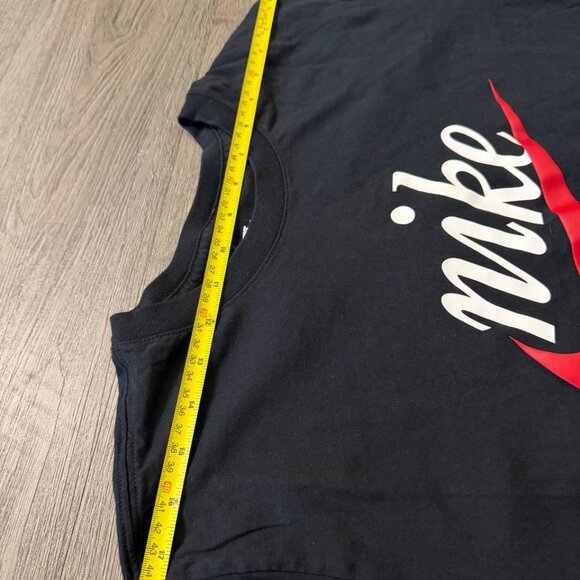 Nike Red Swoosh Logo Graphic Black T-Shirt Men’s Size XL - Picture 8 of 8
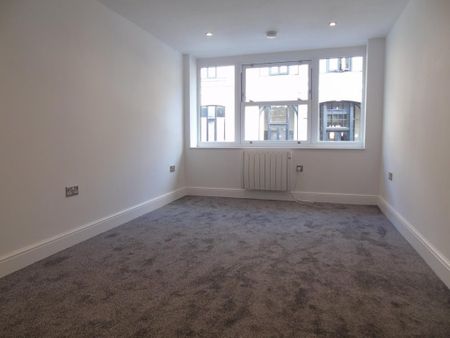 1 bedroom apartment to rent - Photo 2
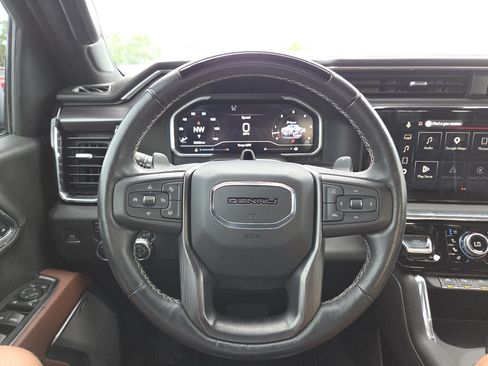 Used 2024 GMC Sierra 1500 Denali Ultimate AWD/4WD image 34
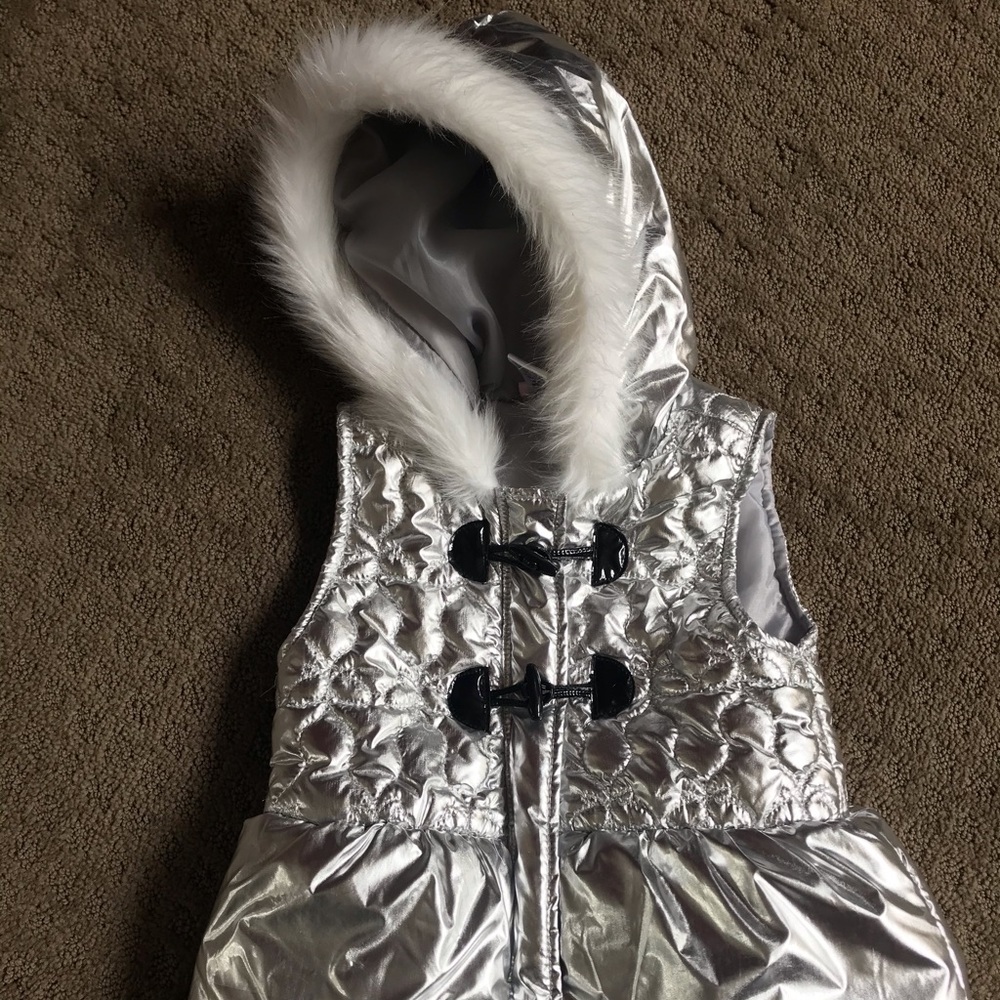 Girls vest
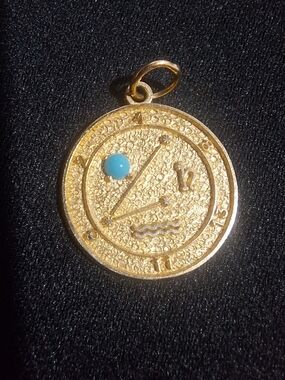 14K Gold Aquarius Constellation Charm Pendant Signed R&B Rare & Collectible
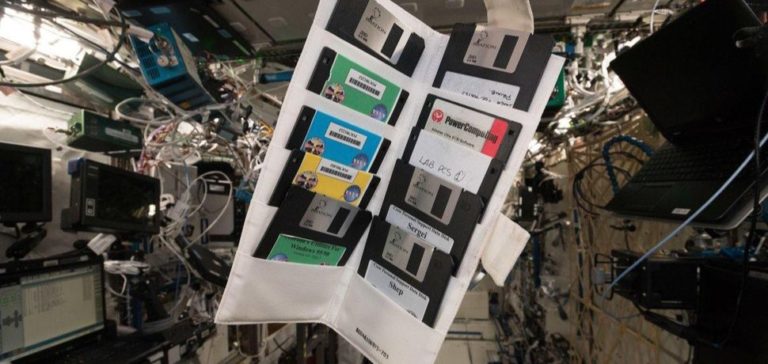 Astronot ISS Temukan Floppy Disk di Luar Angkasa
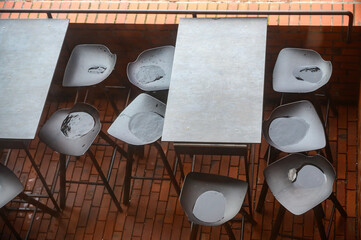 Tisch und Stühle im Regen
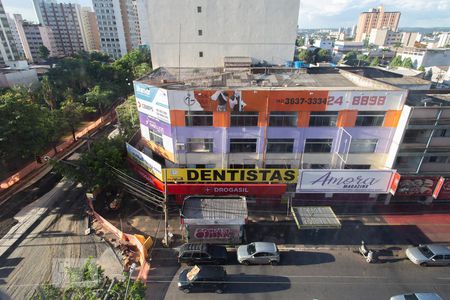 Vista - Sala de apartamento para alugar com 3 quartos, 120m² em Setor Central, Goiânia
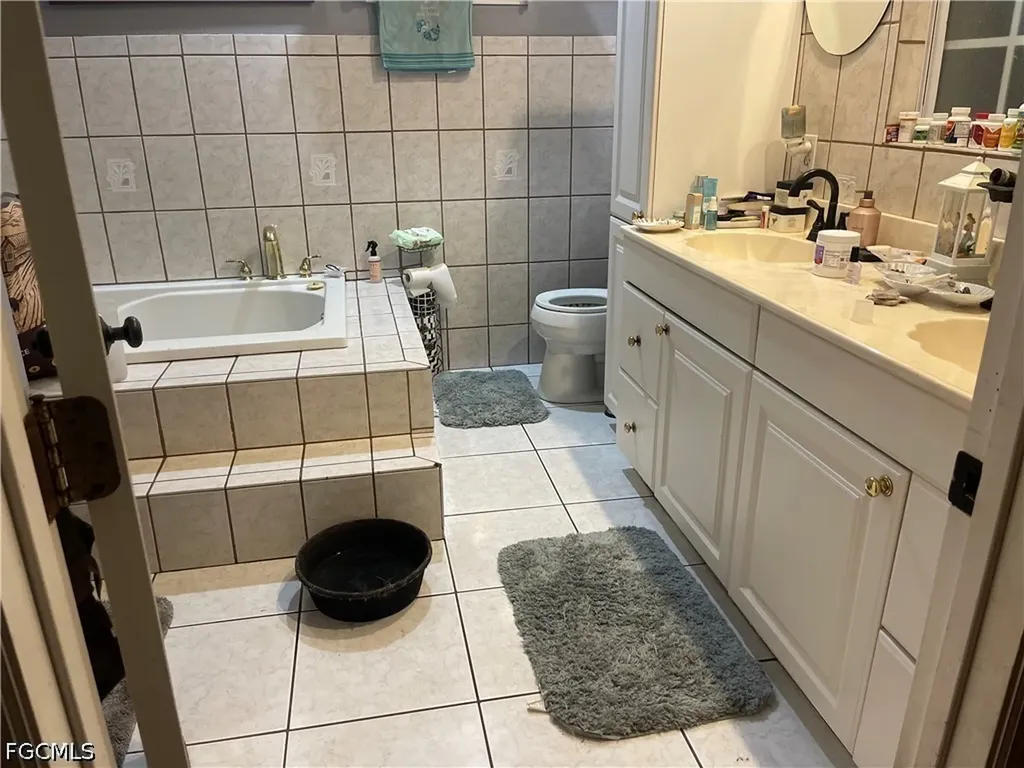 4702 Olive Avenue S Lehigh Acres FL 33976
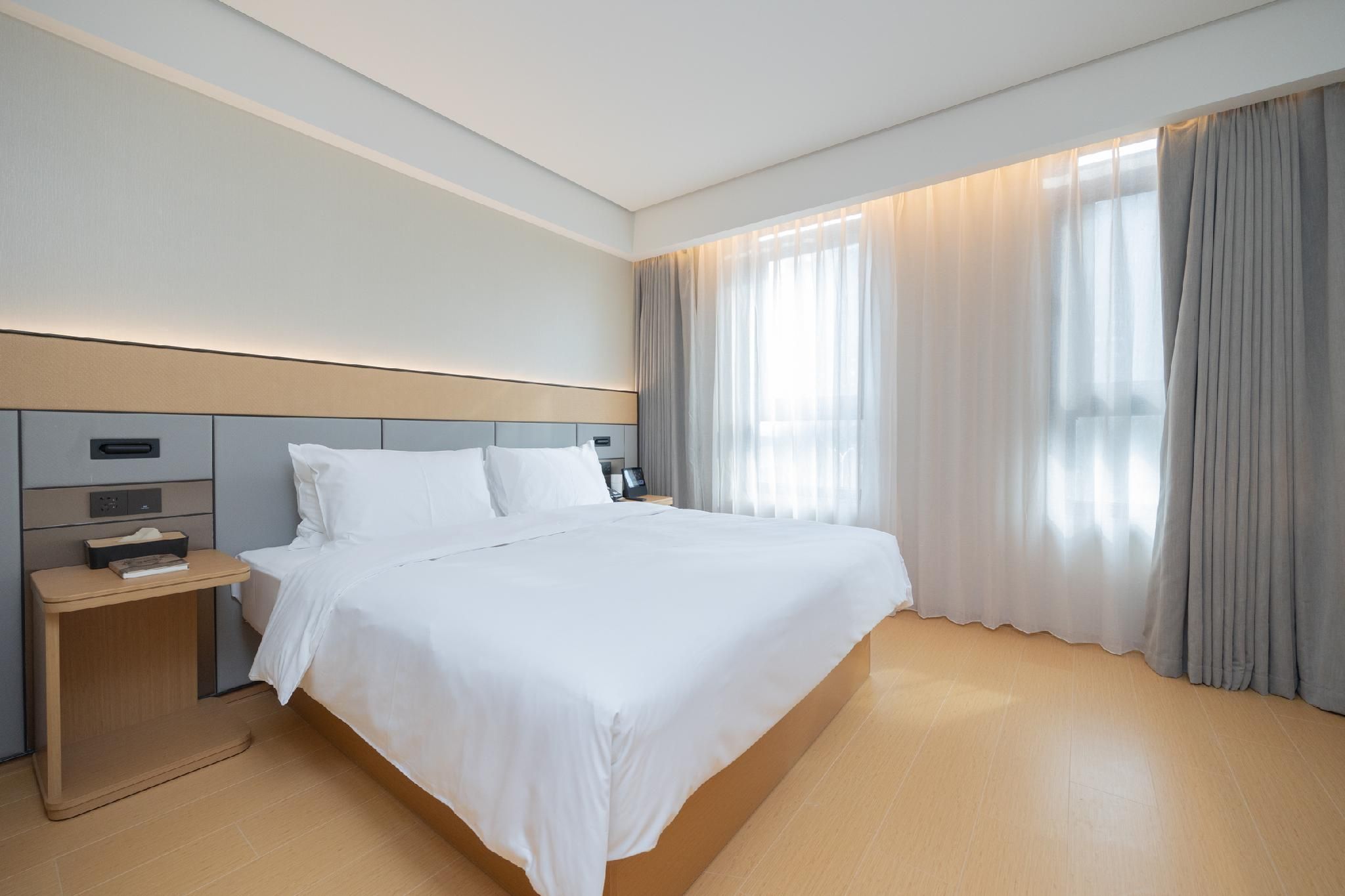 Huazhu - Superior BedRoom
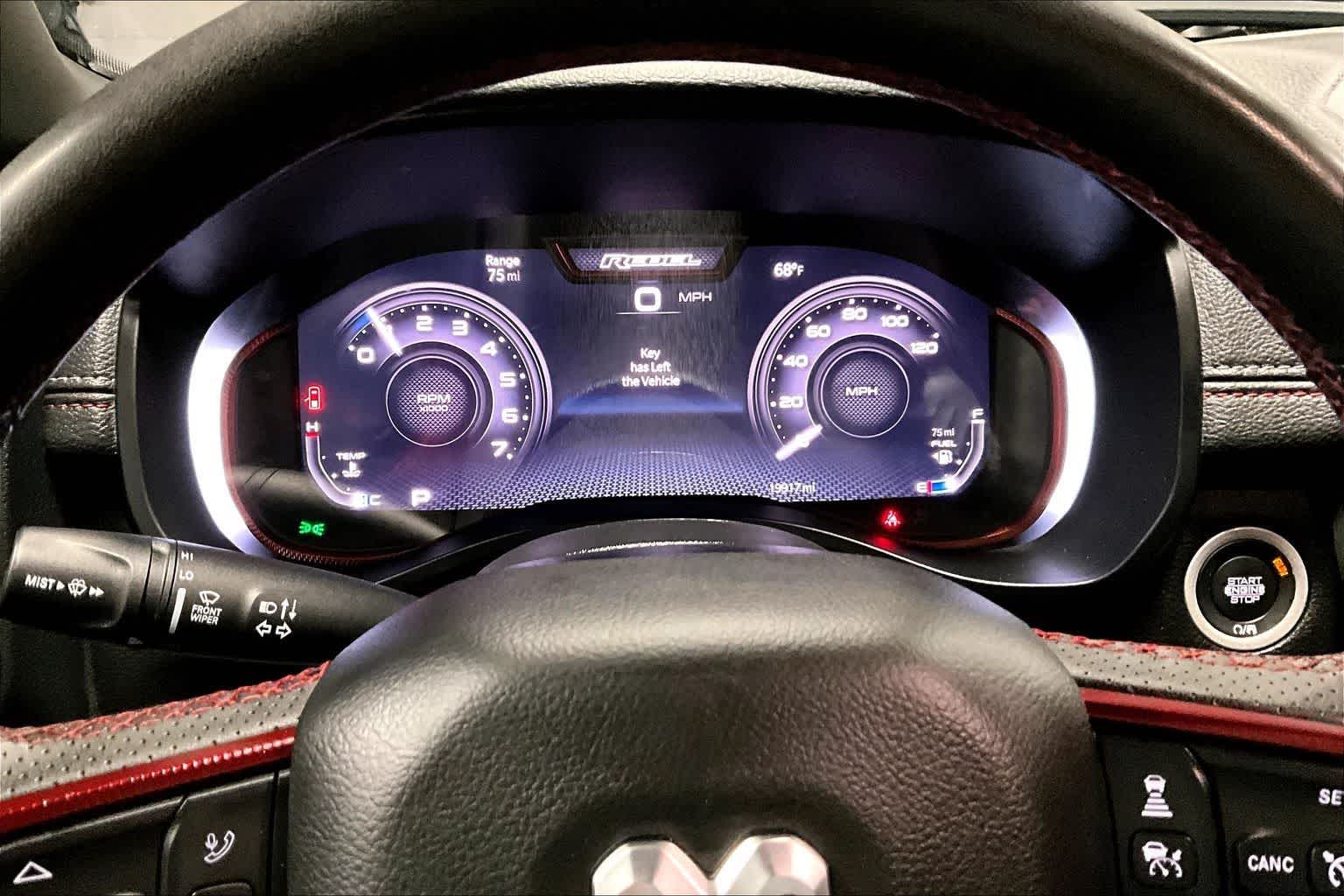 Thumbnail: 2025 RAM 1500 - 18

------------------------------------------------

Work order
Working down from the line with "14K Gold Aquarius", copy each line exactly until the last line of the entries, which is also included. Omit the pictures.

Task response
 14K Gold Aquarius Constellation Charm Pendant Signed R&B Rare & Collectible
 Astronot ISS Temukan Floppy Disk di Luar Angkasa
 Tisch und Stühle im Regen
 Vista - Sala de apartamento para alugar com 3 quartos, 120m² em Setor Central, Goiânia
 4702 Olive Avenue S Lehigh Acres FL 33976
 Huazhu - Superior BedRoom
 Thumbnail: 2025 RAM 1500 - 18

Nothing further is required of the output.